Once there, we fixed up our VR headsets and went wild, reliving the 1947 alien crash from our rocking chairs. The journey brings you face to face, body to body with aliens before they crash their ship and land in the hands of investigative military officers. This experience is a must-see, even if you don’t choose a tourist trip: Spaceport Roswell also hosted Apollo 11 and other intergalactic missions. One tip: Bring disposable headphones, because you never know when you’ll be sitting next to a band like us, four people. oh, wow a oh while they were going; you want to focus on your own virtual reality, and the headphones add to that ability.

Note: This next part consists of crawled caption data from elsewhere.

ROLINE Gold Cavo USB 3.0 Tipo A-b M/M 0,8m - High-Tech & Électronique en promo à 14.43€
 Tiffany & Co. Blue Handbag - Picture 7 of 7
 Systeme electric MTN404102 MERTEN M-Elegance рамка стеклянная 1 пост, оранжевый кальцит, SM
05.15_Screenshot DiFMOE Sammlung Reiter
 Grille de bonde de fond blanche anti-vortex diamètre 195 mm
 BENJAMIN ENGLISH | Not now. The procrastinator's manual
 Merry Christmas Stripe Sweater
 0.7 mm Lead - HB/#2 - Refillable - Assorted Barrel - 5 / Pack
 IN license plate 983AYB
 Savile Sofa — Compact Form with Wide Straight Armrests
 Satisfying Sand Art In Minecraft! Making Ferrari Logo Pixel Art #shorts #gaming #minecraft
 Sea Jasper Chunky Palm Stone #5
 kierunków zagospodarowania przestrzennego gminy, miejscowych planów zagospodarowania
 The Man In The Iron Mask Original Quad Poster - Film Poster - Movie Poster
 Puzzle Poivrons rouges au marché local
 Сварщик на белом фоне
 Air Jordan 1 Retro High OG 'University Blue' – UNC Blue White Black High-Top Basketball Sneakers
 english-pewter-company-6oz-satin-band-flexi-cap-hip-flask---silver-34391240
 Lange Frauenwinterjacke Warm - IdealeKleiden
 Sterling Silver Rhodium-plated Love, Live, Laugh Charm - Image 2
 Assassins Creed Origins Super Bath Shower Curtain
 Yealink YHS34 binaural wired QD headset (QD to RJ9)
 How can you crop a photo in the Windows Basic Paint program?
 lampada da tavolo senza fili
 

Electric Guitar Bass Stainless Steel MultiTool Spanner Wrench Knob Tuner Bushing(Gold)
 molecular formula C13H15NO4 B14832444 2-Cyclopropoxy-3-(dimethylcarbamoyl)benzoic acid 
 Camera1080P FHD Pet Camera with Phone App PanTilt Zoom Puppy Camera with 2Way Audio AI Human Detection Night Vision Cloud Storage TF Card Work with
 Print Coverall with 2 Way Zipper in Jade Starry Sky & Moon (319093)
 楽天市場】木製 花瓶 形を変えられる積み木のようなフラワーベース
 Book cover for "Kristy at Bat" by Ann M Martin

Visitors can also buy tickets to BrickTown, which features aliens, pirates, a moon landing, a train, a city and other wonders of the world built from more than 250,000 play bricks. Push the button and a part will light up, and the World Buildings part will tell you about the structure in a video.
Across the street, the Roswell UFO Spacewalk and Gallery transports you through an artistic black light, family-friendly world. Pets are allowed, and you can go as often as you want and take as many photos as you want. Tip: Wear bright whites for the best photos.
If you’re interested in laser tag, check out the 15,000-square-foot Area 52 Tactical Laser Tag.
In addition to “the wrap,” you’ll find other great photos. Dunkin’ Donuts has a giant green alien, right next door, competing with McDonald’s for attention with its own UFO-style fast food restaurant, complete with neon-colored lights and silver aliens (if you’re feeling tired in green. species). Along the way, you’ll find a couple of other photo booths, both of which are attached to the Invasion Station shop.
I found the people of Roswell to be very friendly and welcoming; there was never a time when I didn’t feel “out of place” in the clothes. Of course, those who travel with the shop owners are quite entertaining. A 5- or 6-year-old boy shouted out the window, “Stay away!” when his parents kicked us out; Tourists wanted to take pictures with us or us (well, one asked my husband as if he had lost a bet) and people shouted and welcomed (in my opinion) the four of us. (and two dogs) , all in fancy dress, set on the heels of a mighty Dunkin’ Donuts.
Our day ended with a relaxing tour of the Robert H. Goddard Planetarium digital theater; it costs $5 (seniors, children and veterans pay) for a 45-minute film on various topics. We dived in Uncovering the Invisible WorldIt’s a good subject, and shows x-rays, gamma rays, neutrinos, black holes and cosmic rays.
The next day, we took a 2 hour 20 minute drive to White Sands National Park. This time, my dog and I dressed up in Yoda onesies, because the big sand dunes are the perfect look. Star Wars background. Of course, I didn’t stay dressed all the time; I didn’t want to get my oh-so-sexy pjs (which were fine, so I just wore them – for now) full of sand in my skis and skis (and the old silver Volants , of course) down the hill. That day, the first snow of the season fell in Colorado, and it was very windy in southern New Mexico, so I didn’t get to ski, skate, or hike in my wanted, although I also managed to carve a sand angel. . My clothes prevented me from exercising at all, but my face was badly bruised, and my hair was like straw after being beaten by the wind. So, if you are planning a trip, try to avoid a windy day.
It’s been a long, busy week, seeing Roswell and the park. Just over 8 ½ hours from Vail, Roswell is a different world to explore, stir your imagination and transport you.